--- START ---

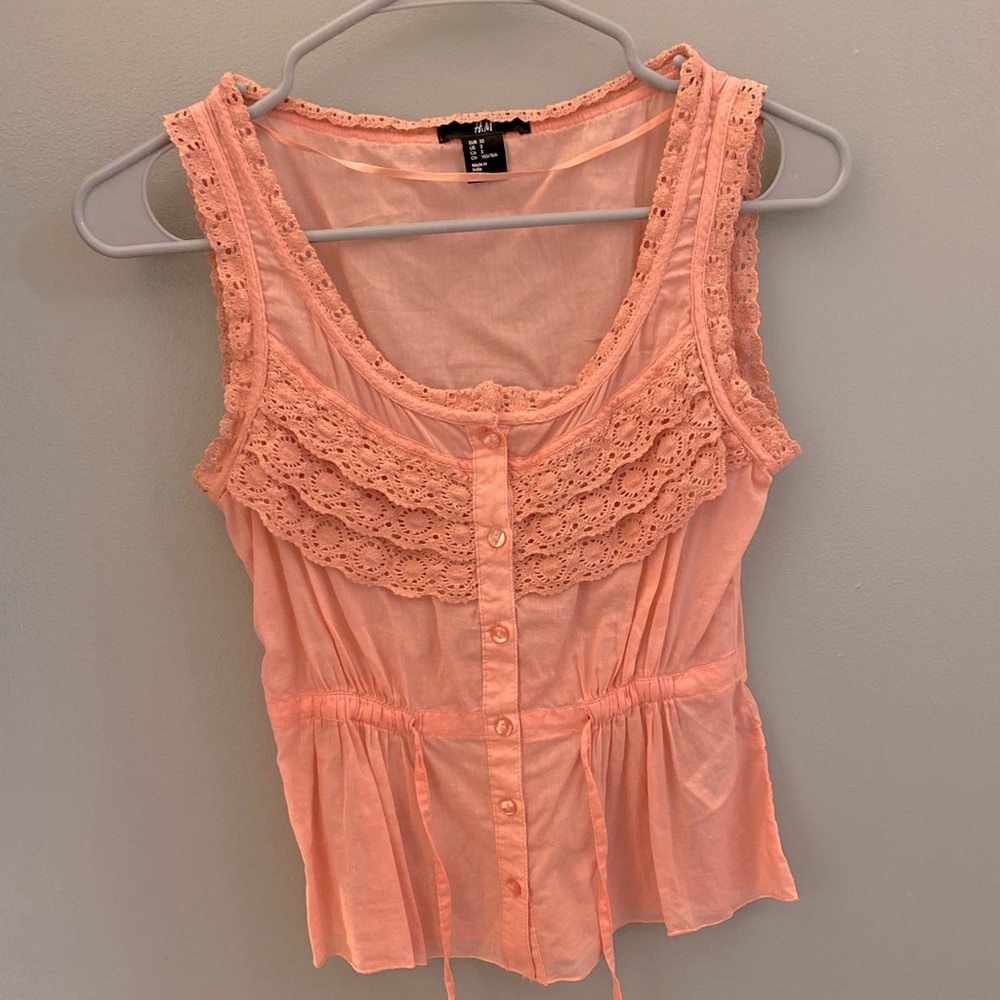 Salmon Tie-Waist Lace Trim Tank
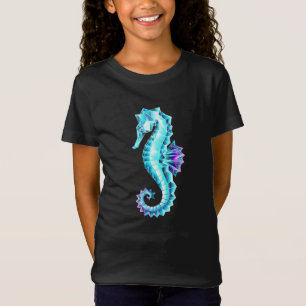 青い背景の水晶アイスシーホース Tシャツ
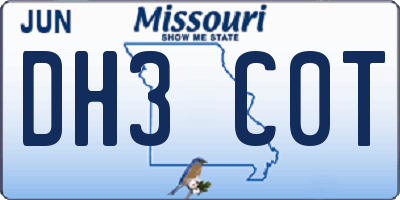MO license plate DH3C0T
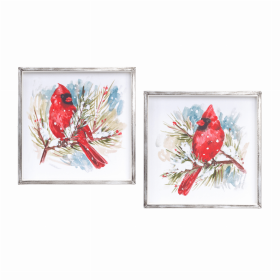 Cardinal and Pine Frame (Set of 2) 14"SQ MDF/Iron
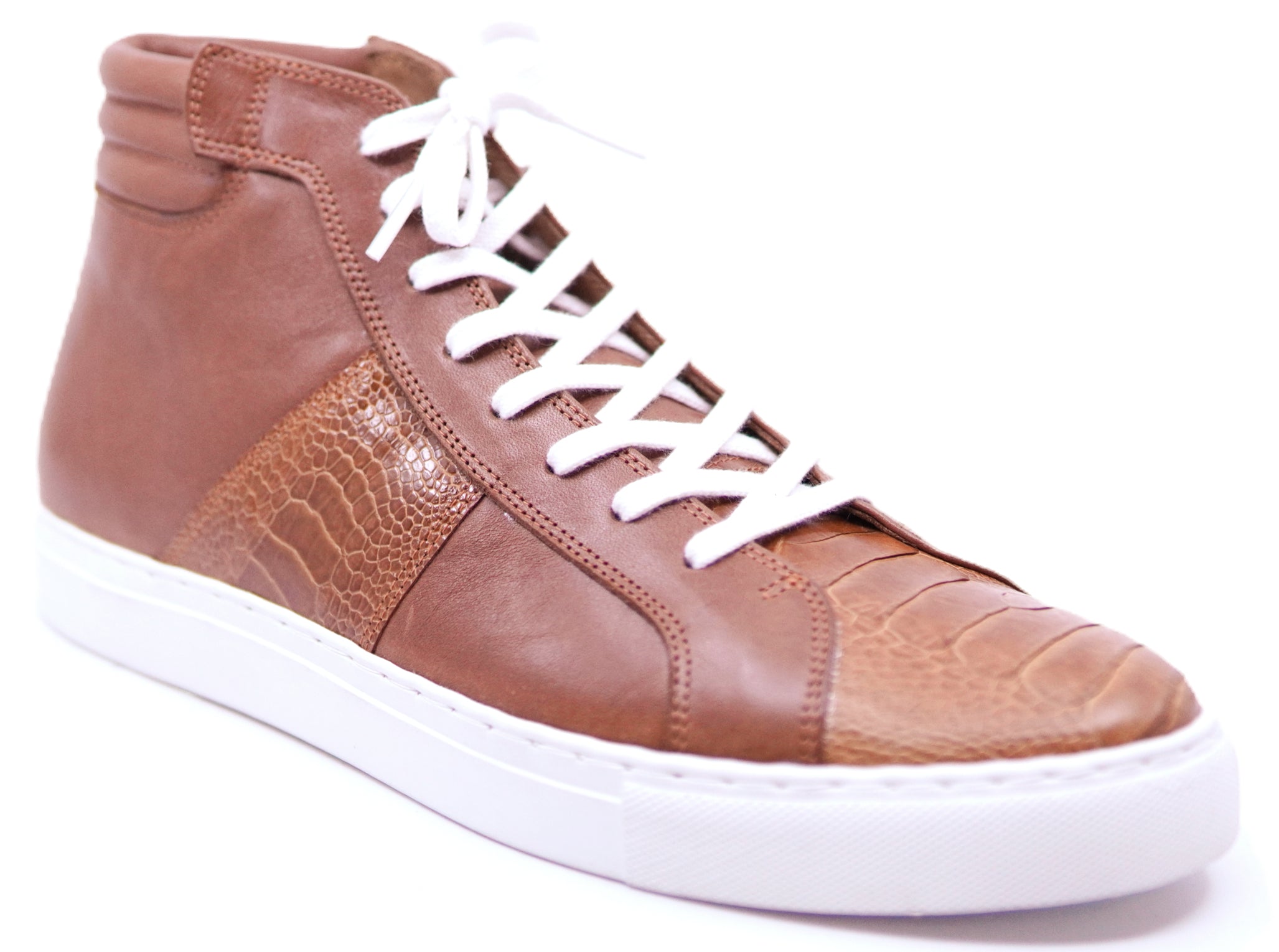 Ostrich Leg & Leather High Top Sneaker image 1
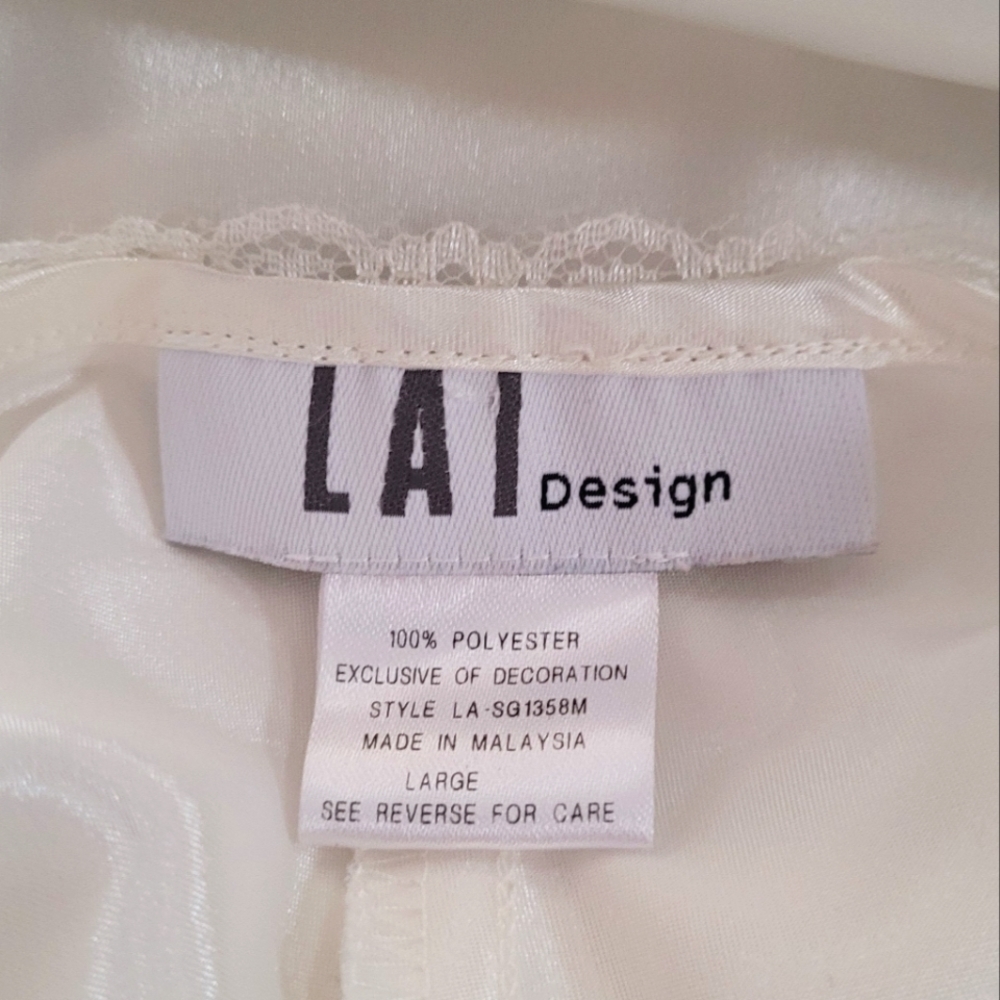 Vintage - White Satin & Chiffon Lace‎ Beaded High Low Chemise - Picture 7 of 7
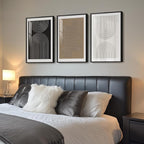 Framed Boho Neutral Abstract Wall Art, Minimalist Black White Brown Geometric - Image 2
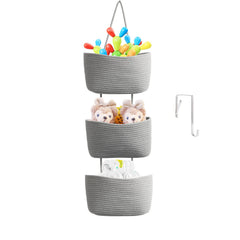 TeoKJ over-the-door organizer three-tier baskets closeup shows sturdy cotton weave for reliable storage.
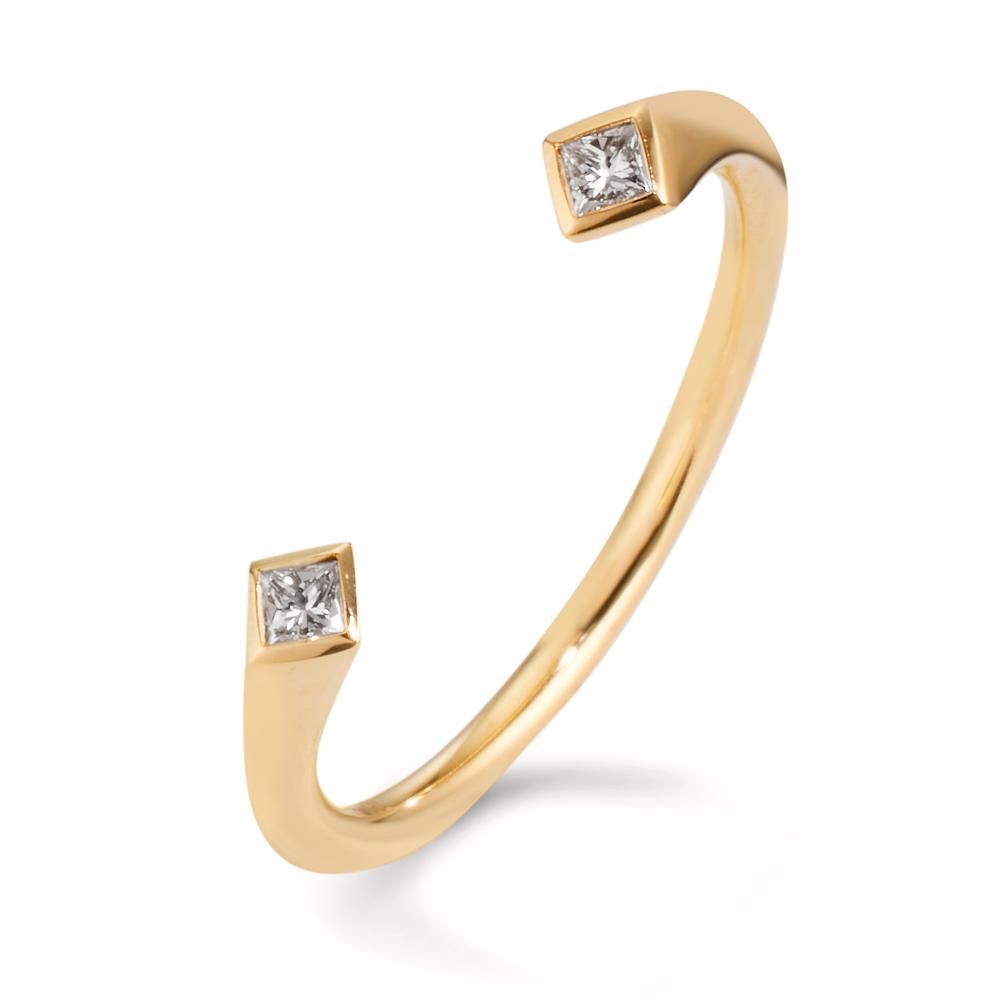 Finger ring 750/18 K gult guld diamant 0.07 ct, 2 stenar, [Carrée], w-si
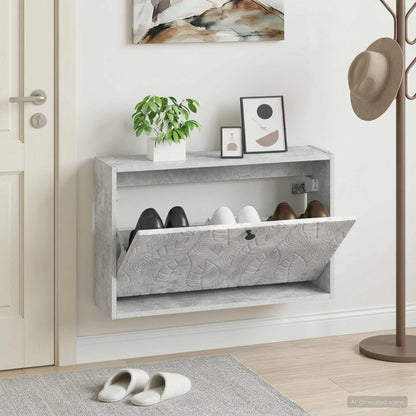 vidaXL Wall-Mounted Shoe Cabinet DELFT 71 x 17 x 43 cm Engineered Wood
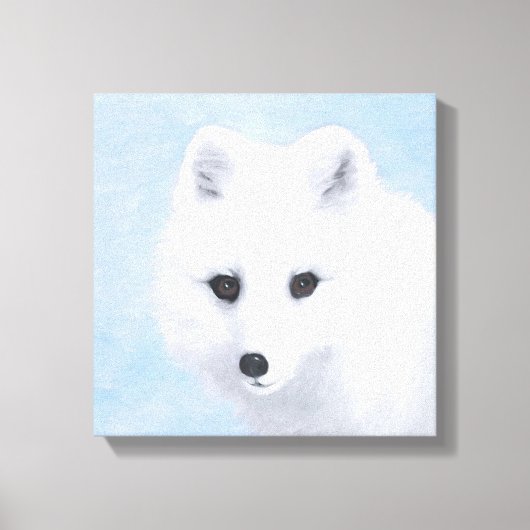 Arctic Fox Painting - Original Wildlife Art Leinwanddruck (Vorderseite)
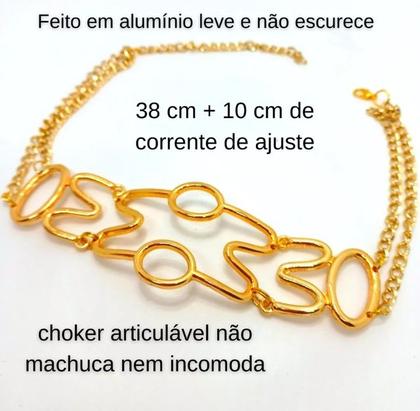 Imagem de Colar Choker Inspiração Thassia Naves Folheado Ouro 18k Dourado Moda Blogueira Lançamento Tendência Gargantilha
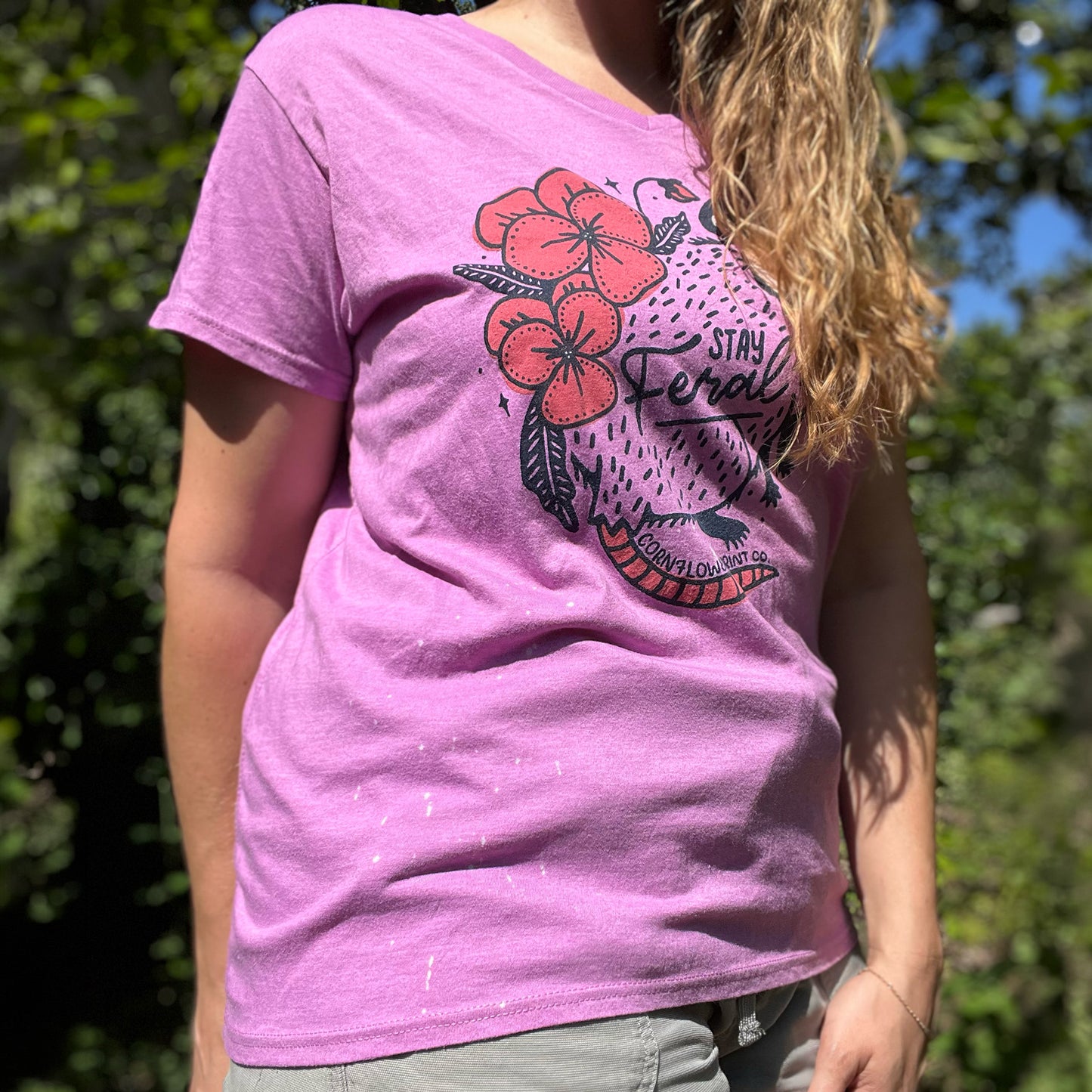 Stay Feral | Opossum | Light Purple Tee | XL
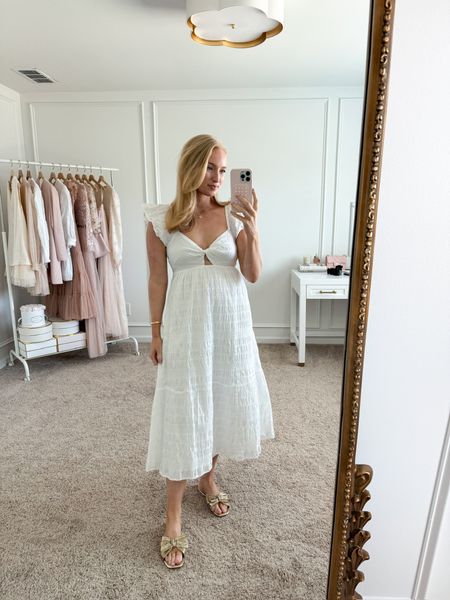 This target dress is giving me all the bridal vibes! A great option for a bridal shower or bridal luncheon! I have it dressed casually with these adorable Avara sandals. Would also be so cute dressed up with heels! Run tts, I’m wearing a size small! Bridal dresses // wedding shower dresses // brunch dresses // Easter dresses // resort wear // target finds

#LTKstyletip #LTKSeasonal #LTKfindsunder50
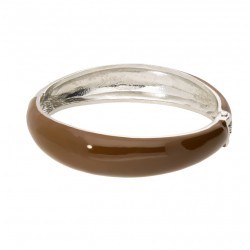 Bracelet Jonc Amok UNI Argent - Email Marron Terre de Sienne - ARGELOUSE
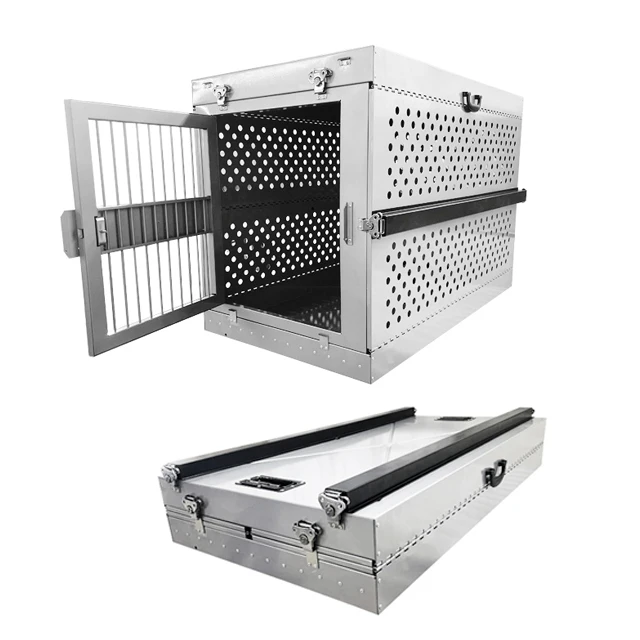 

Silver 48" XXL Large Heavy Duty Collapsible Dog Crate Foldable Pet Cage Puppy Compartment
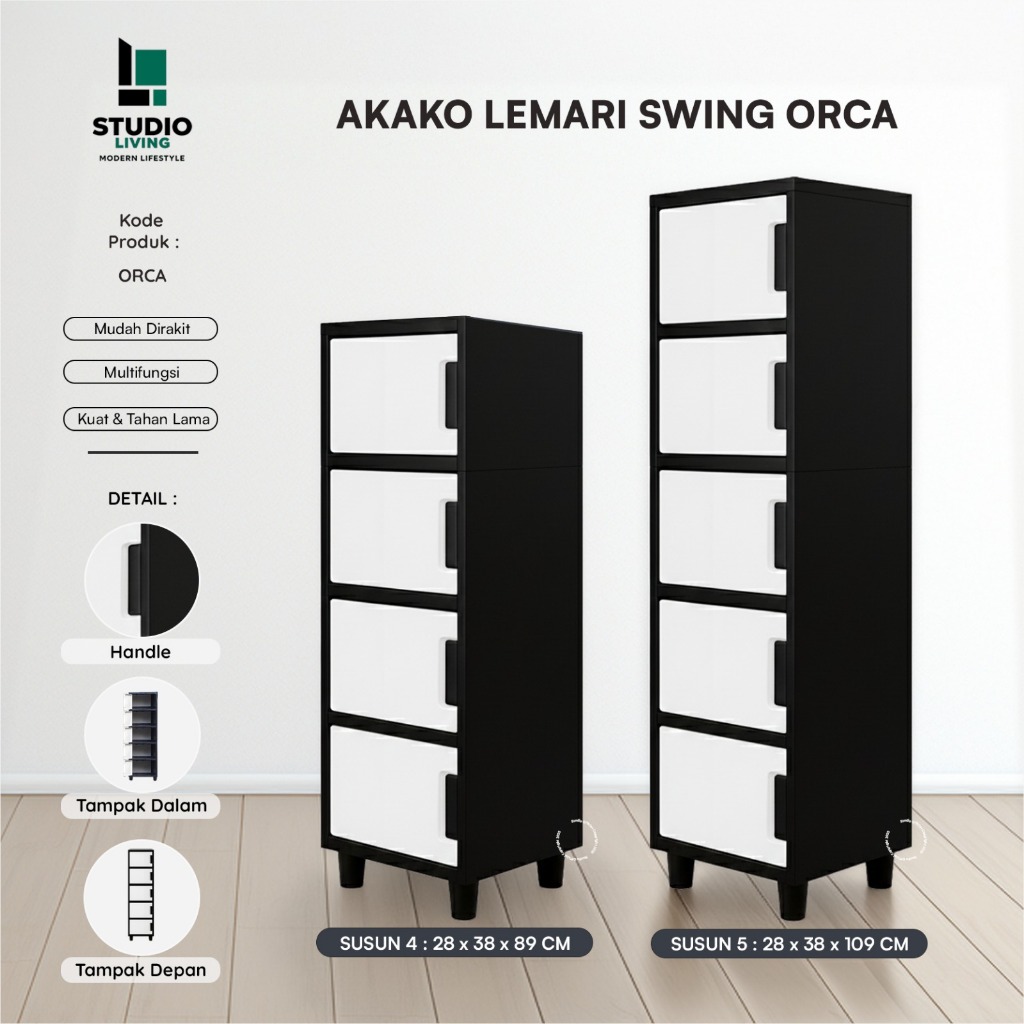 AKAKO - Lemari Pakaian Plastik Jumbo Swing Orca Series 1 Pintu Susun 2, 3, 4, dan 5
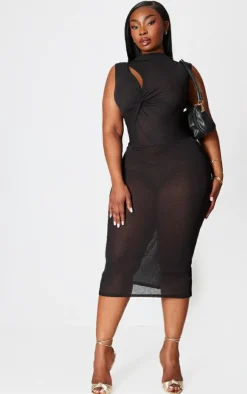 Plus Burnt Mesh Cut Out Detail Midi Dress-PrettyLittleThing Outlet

--- END ---

• [What to produce]
Repeat the records in full and exactly, leaving every picture out.

• [Answer space]
 Salmon Tie-Waist Lace Trim Tank
 青い背景の水晶アイスシーホース Tシャツ
MO license plate DH3C0T
 Cardinal and Pine Frame (Set of 2) 14"SQ MDF/Iron
 Ostrich Leg & Leather High Top Sneaker image 1
 Vintage - White Satin & Chiffon Lace‎ Beaded High Low Chemise - Picture 7 of 7
 Framed Boho Neutral Abstract Wall Art, Minimalist Black White Brown Geometric - Image 2
 TeoKJ over-the-door organizer three-tier baskets closeup shows sturdy cotton weave for reliable storage.
 Finger ring 750/18 K gult guld diamant 0.07 ct, 2 stenar, [Carrée], w-si
 vidaXL Wall-Mounted Shoe Cabinet DELFT 71 x 17 x 43 cm Engineered Wood
 Arctic Fox Painting - Original Wildlife Art Leinwanddruck (Vorderseite)
 Imagem de Colar Choker Inspiração Thassia Naves Folheado Ouro 18k Dourado Moda Blogueira Lançamento Tendência Gargantilha
 Stay Feral | Opossum | Light Purple Tee | XL
 This target dress is giving me all the bridal vibes! A great option for a bridal shower or bridal luncheon! I have it dressed casually with these adorable Avara sandals. Would also be so cute dressed up with heels! Run tts, I’m wearing a size small! Bridal dresses // wedding shower dresses // brunch dresses // Easter dresses // resort wear // target finds

#LTKstyletip #LTKSeasonal #LTKfindsunder50
 Bracelet Jonc Amok UNI Argent - Email Marron Terre de Sienne - ARGELOUSE

Silver 48" XXL Large Heavy Duty Collapsible Dog Crate Foldable Pet Cage Puppy Compartment
 AKAKO - Lemari Pakaian Plastik Jumbo Swing Orca Series 1 Pintu Susun 2, 3, 4, dan 5
 Plus Burnt Mesh Cut Out Detail Midi Dress-PrettyLittleThing Outlet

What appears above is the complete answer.